Exercise directions >> Give back, unchanged, each line from the one containing "Grey / Yellow" through the last line of the entries below.

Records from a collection
.....

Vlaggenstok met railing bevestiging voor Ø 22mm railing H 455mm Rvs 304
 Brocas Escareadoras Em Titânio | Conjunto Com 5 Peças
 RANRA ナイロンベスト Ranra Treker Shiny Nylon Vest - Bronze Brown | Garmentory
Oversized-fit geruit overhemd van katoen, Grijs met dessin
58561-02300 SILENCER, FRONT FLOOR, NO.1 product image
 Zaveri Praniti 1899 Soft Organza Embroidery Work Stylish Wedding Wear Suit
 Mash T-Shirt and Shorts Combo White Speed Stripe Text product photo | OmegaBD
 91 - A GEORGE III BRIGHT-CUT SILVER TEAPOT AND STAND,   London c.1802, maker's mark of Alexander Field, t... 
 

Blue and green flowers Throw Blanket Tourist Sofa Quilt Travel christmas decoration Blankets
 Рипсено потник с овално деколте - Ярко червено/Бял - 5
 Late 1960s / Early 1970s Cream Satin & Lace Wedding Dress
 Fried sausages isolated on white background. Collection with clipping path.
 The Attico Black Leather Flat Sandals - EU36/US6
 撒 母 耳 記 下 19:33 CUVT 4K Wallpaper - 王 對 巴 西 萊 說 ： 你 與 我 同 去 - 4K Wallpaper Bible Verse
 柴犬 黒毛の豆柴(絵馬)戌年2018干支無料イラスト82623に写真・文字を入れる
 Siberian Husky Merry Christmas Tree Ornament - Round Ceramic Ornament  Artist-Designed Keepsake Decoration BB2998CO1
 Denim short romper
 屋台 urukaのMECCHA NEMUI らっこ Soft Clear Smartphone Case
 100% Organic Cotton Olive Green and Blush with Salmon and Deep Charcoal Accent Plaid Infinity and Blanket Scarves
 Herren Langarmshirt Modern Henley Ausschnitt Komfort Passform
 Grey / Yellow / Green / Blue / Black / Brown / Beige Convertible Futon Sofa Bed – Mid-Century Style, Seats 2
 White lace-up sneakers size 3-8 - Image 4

.....

Exercise solution >>
 Grey / Yellow / Green / Blue / Black / Brown / Beige Convertible Futon Sofa Bed – Mid-Century Style, Seats 2
 White lace-up sneakers size 3-8 - Image 4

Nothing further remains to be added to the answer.